During dissection the animal's cornea was isolated for immunofluorescent analysis as previously described [3, 23]. The cornea was dissected around the scleral-limbal region and fixed for 30 minutes in Zamboni's fixative. Corneas were blocked in phosphate-buffered saline (PBS) containing 0.2% Triton X-100, 2% goat serum, and 1% bovine serum albumin for 2 hours followed by overnight incubation with neuronal class β-III tubulin mouse monoclonal antibody at 1 : 1000 in 4°C (Covance, Dedham, MA). Following three 15-minute washes with PBS containing 0.2% Triton X-100, goat anti-mouse IgG2a Alexa 488 secondary antibody was applied for 2 hours at room temperature (Invitrogen, Eugene, OR). Three more 15-minute washes in PBS containing 0.2% Triton X-100 preceded the mounting of the cornea (epithelium facing up) to a microscope slide in ProLong Gold (Life Technologies, Carlsbad, CA). A cover slip was placed on the cornea and sealed with clear fingernail polish.

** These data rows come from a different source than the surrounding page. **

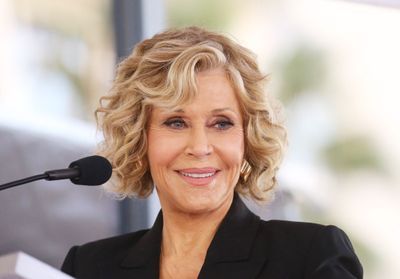 « Je ne suis pas assez jolie ou pas assez mince » : Jane Fonda dénonce les injonctions faites aux femmes
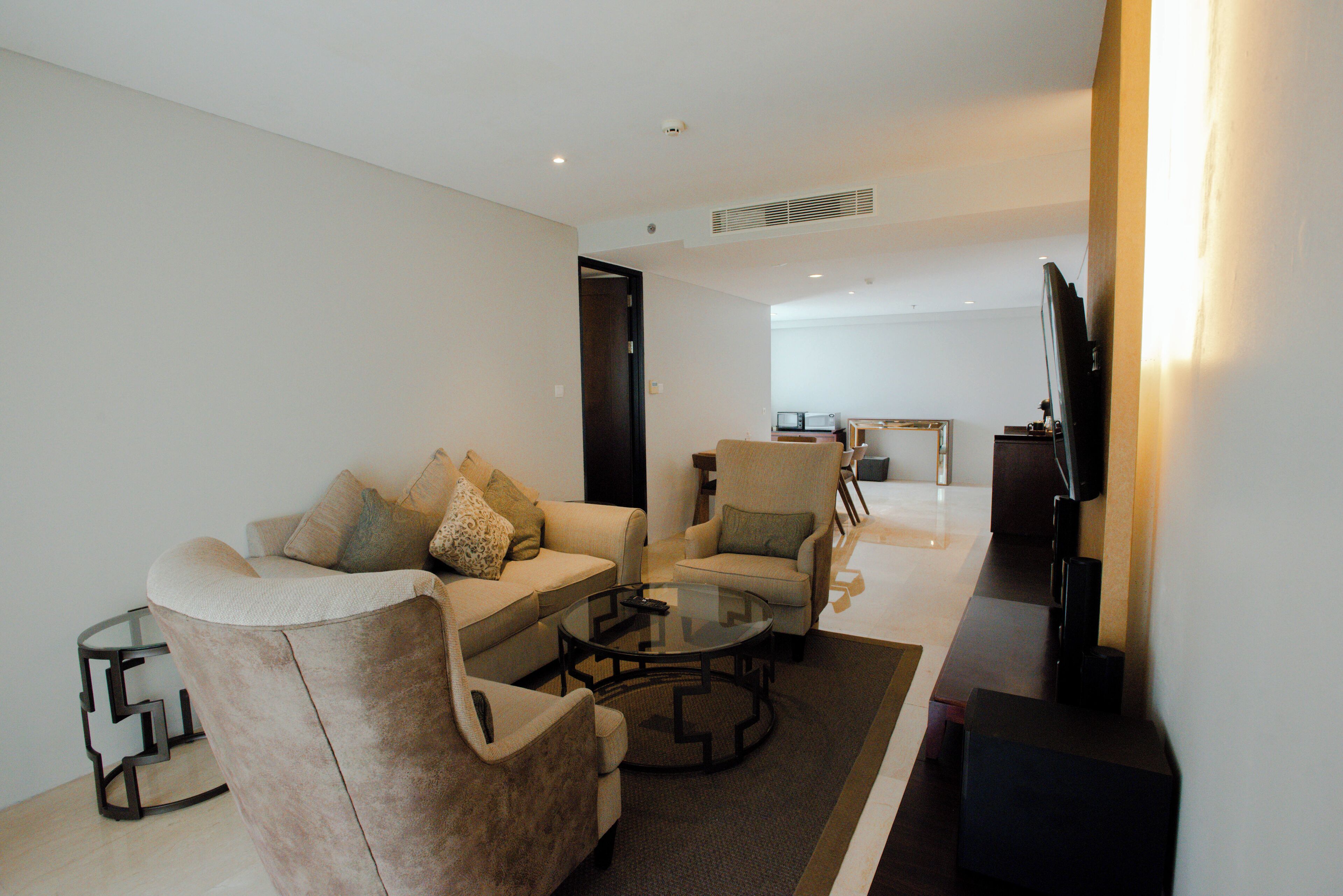 premier suite, 1 bedroom, refrigerator & microwave | living area | 39-inch lcd tv with cable channels, tv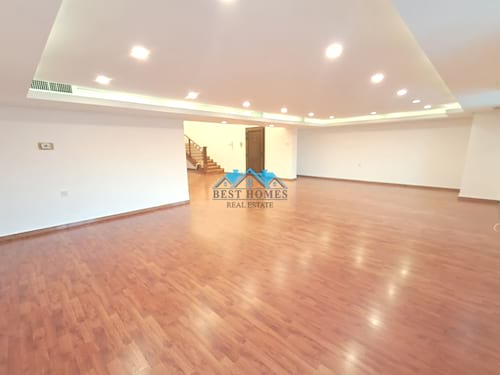 Spacious 5 Bedrooms Duplex Apartment Near Public Park in Rumaithiya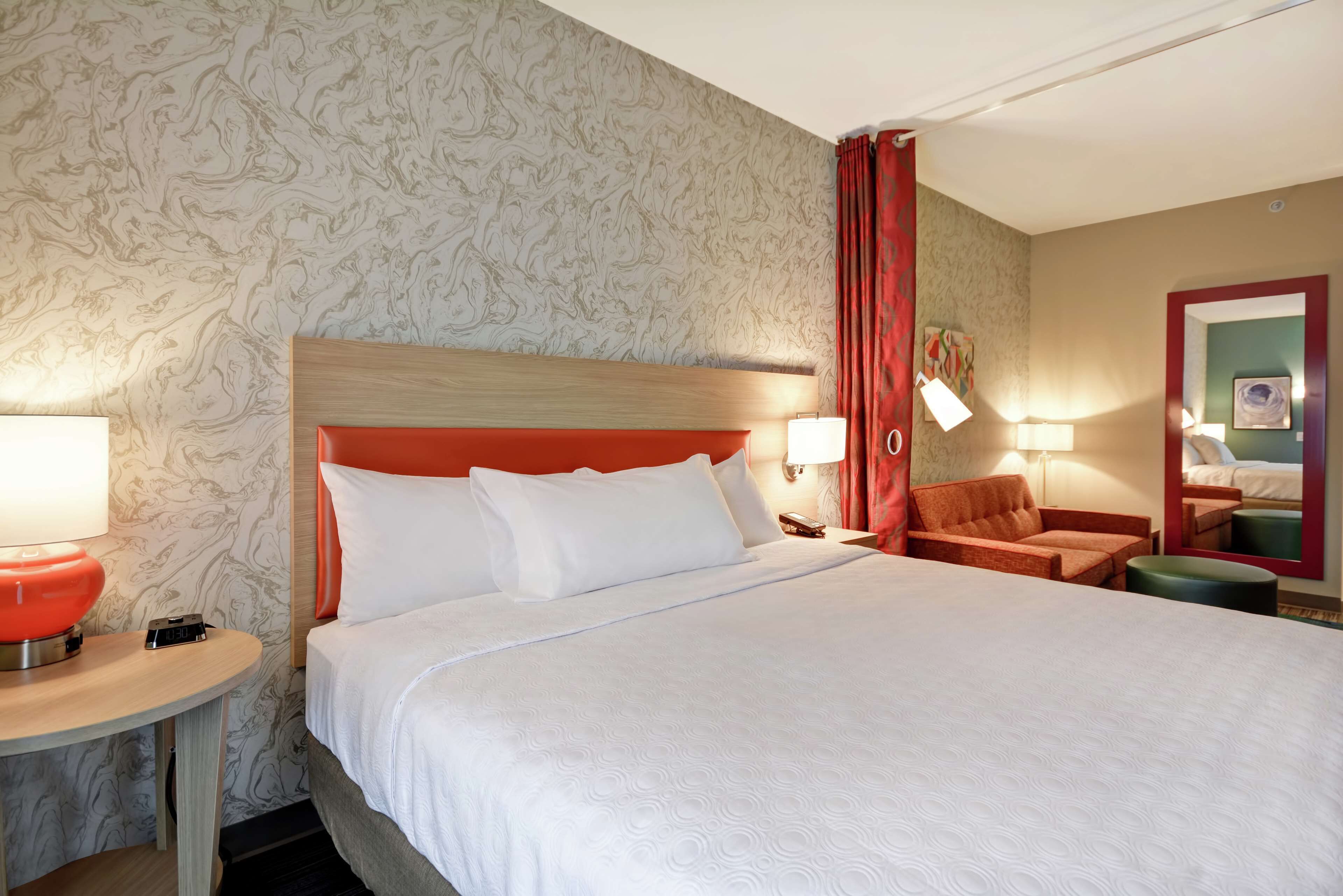 50-inch flat-screen tv with cable channels, tv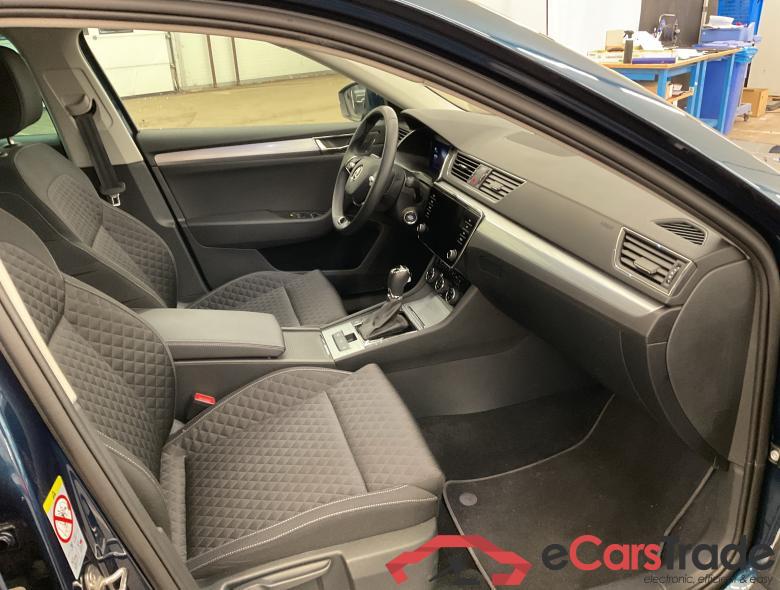 SKODA Superb Combi Superb Wagon Ultimate 1.5 TSI 110kW (150ch) DSG7 #5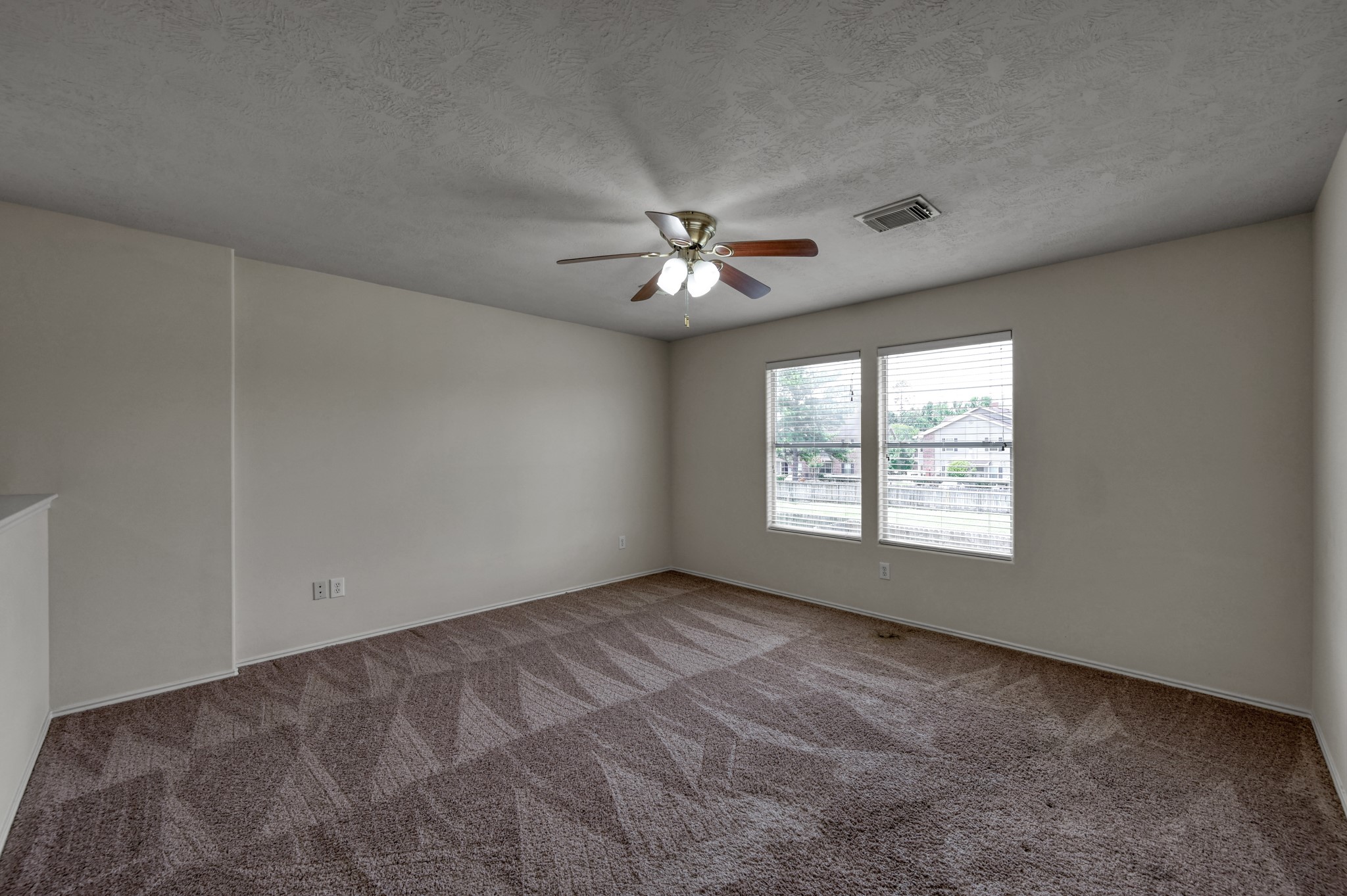 23919 Kingbriar Drive Property Photo 20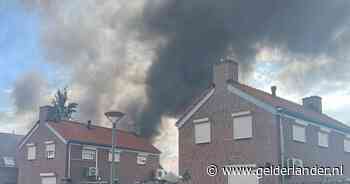Veel rook bij brand in woonwijk in Uden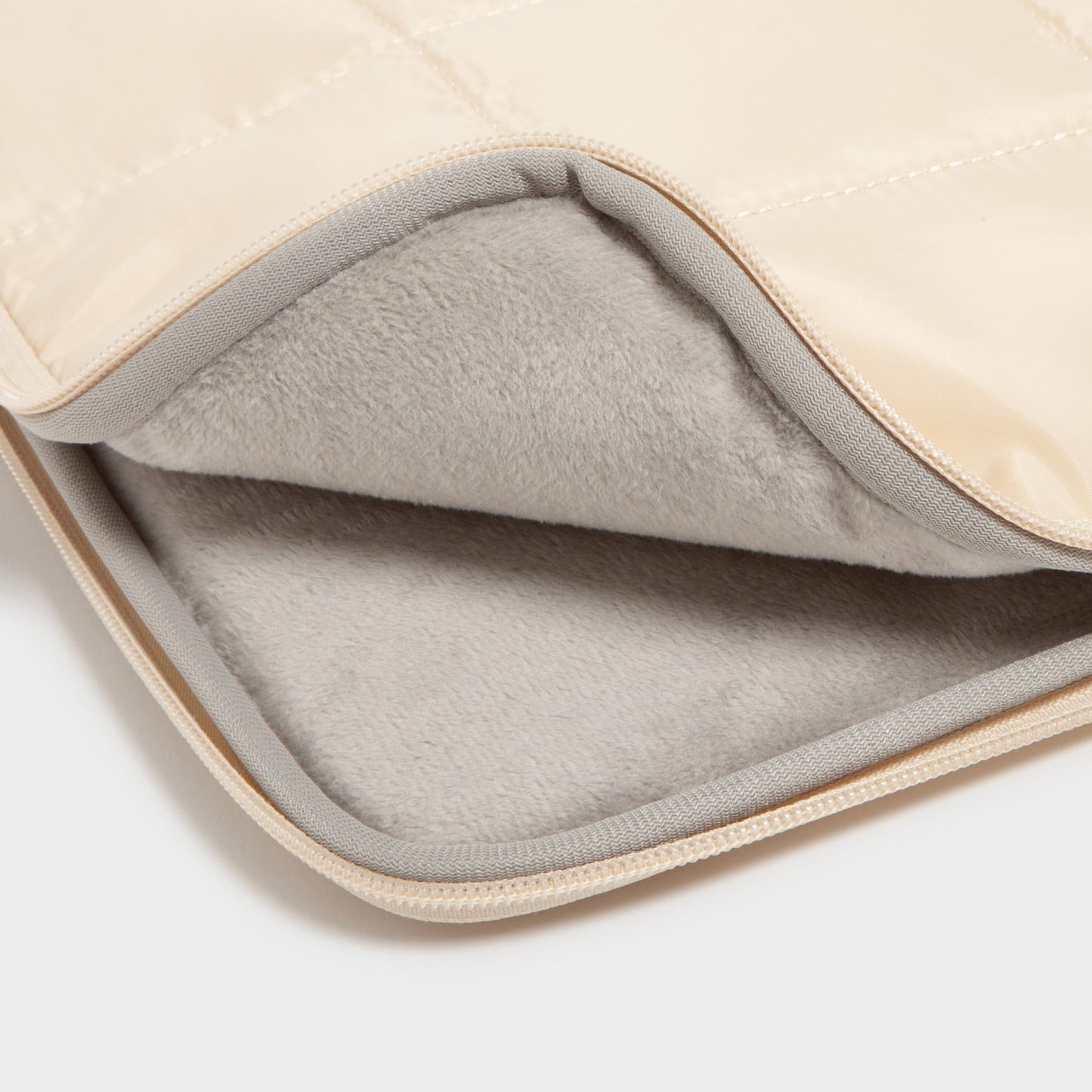 The Puffer - Sand, Laptop Pouch, 14 In, Beige, 13.5 X 9.75, Set of 1, 7162U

Using Zeiss LSM710 Confocal Microscope running ZEN software (Carl Zeiss, Oberkochen, Germany) multiple images were collected to assess different nerve parameters in an attempt to more fully characterize the diseased cornea. Firstly, a 20x objective (Plan-Apochromat 20x/0.8) was used to make 8 × 8 tile scan z-stack (3400 μm × 3400 μm × 30 μm; 4096 pixels × 4096 pixels × 30 pixels) images of the entire mouse cornea that were further processed to make a maximum projection intensity image for analysis. These images were analyzed for the amount of surface area covered by nerves using Imaris version 7.6.4 X64 software (Bitplane, Zurich, Switzerland). The surface option was used (parameters: smoothing enabled, surface grain size being equal to 0.833 μm per pixel, no background elimination, the diameter of the largest sphere being 6.23 μm, and thresholding being automatic) to determine the total surface area covered by nerves and is represented as a percentage of the total cornea surface area determined by manually tracing the cornea with a closed poly-line, as in previous experiments [9, 23]. Secondly, using a 63x objective (Plan-Apochromat 63x/1.4) a 3 × 3 tile scan z-stack (405 μm × 405 μm × 30.11 μm; 1536 pixels × 1536 pixels × 78 pixels) was taken with optimum axial resolution to image the epithelial nerves of the cornea. These images were cropped to include only the epithelial nerves and subjected to volume analysis using Imaris version 7.6.4 X64 software (parameters: smooth was enabled, surface grain size equaled 0.187 μm, no background elimination was used, diameter of the largest sphere was 0.701 μm, and thresholding was automatic); the nerve volume is represented as a percentage of total volume as used for previous experiments [3, 9, 23]. For presentation purposes images were adjusted using Imaris and scale bars inserted with Fiji [27].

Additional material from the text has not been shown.